Fischetti and his colleagues have moved on to using the enzymes systemically to wipe out
Bacillus anthracis spores, preventing them from germinating and
seething through the bloodstream, producing deadly toxins. An IV drip would be started
after exposure to the spores. The method, Fischetti reports, is already successful in mice;
clinical trials will determine how long treatment must be continued, perhaps a week or so.
They have also eliminated septicemia from pneumocci with the same intravenous method.
Up to now the enzymes must make contact with bacteria to kill, but Fischetti is hoping
that a new generation of engineered enzymes will be able to kill pathogens inside cells
too. A second disadvantage is that they are effective only against gram-positive bacteria,
although that group includes many vicious pathogens.
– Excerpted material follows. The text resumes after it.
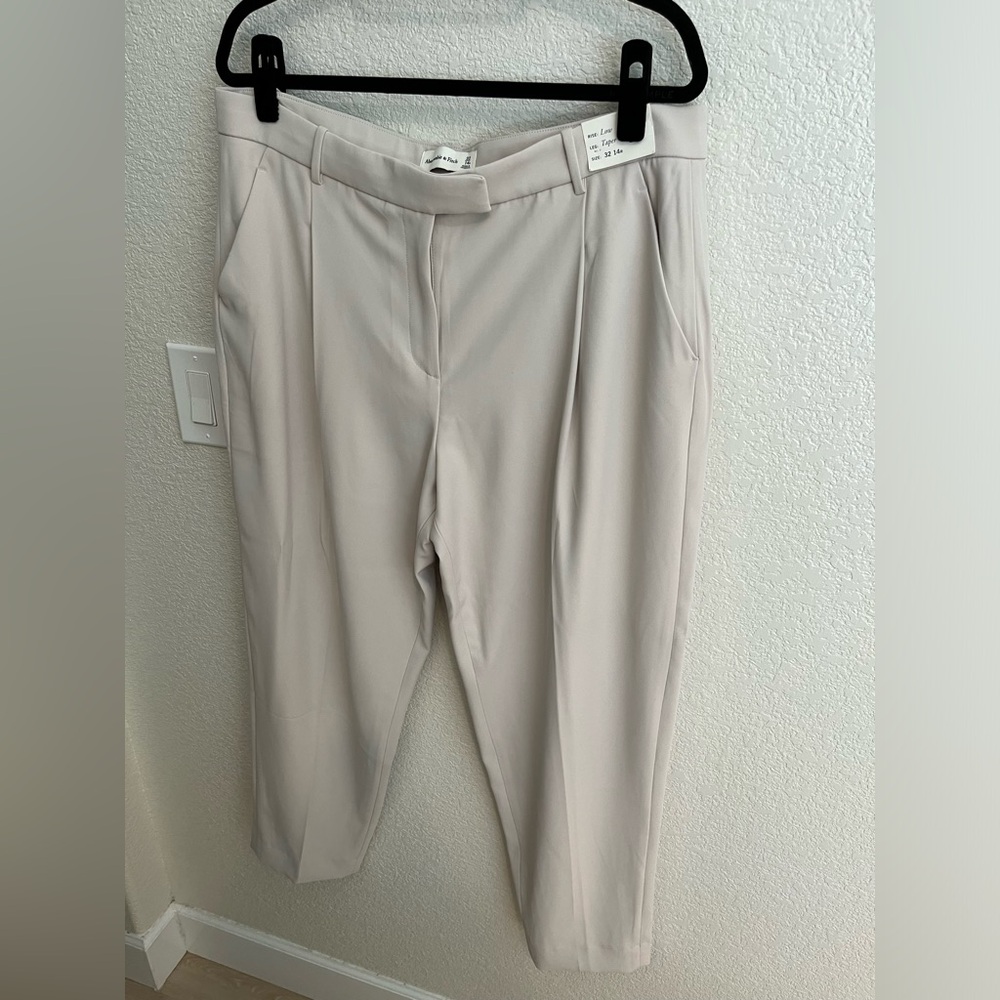NWT- Abercrombie and Fitch Women’s Cream Trousers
But phage enzymes seem to offer one very big advantage: resistance to them has yet to
develop. Fischetti says, “We've tried very hard to identify resistant bacteria, but so far
we haven't found resistant organisms in all three of the enzymes we're working with. It
appears to be a very rare event, much rarer than resistance to antibiotics.” Fischetti
cautions against expecting that gladsome state to last forever, but he points out that even
if widespread resistance takes the same 40 or 50 years that antibiotics required to become
significantly resistant, phage enzymes could buy researchers decades for inventing other
approaches.
Antibiotics in the 21st Century
There is no shortage of ideas for unearthing new antibiotic candidates. Why are they so
slow to enter medical practice? The bottleneck, researchers agree, lies in the development
process of turning them into effective therapies. Several researchers blame the big
pharmaceutical companies that got so big by leading the way to new drugs for battling
infectious disease, but in recent years have dropped out. Fischetti complains, “These are
the big companies that have the money to develop antiinfectives, but they leave it to small
biotech companies, and it's not going to happen as rapidly as it should. I think it's
really unconscionable for these big companies to drop the ball because it's not going to be
a billion-dollar market for them and that's what they're looking for.”
Half a billion at least, says Francis Tally, a big pharmaceuticals veteran who is now
chief scientific officer at Cubist Pharmaceuticals, a biotech company located in Lexington,
Massachusetts. According to Tally, Cubist produced daptomycin, approved in September 2003,
by licensing it from Eli Lilly, which shelved the new compound after concluding its
potential market was only $250 million.
But, Tally argues, the size of the market is not the only barrier to new antibiotics.
Combinatorial chemistry and the genomics revolution have simply not delivered on their
early promise. “The pipeline is very dry,” he says. “There's been a real lag at the basic
research level.”
“Antibiotic discovery is hard,” Shapiro says. “It's a huge long process to get a decent
antibiotic.” Walsh agrees. “It's easier to find inhibitors of particular enzymes for
particular processes—and a very long road to convert that into something for
development.”
In the meantime, there is a rising clamor to slow down the rate at which bacteria
develop resistance. Doctors are exhorted to cut back on prescribing antibiotics and decline
to prescribe for viral diseases, which antibiotics can't combat, even when their patients
badger them.
But even if antibiotic consumption slowed, we will still need new antibiotics. “I always
say it's not a matter of if, it's only a matter of when,” says Walsh. “There will always be
a need for new antibiotics because the clock starts ticking on the useful lifetime of any
antibiotic once you start to use it. That cannot be argued.”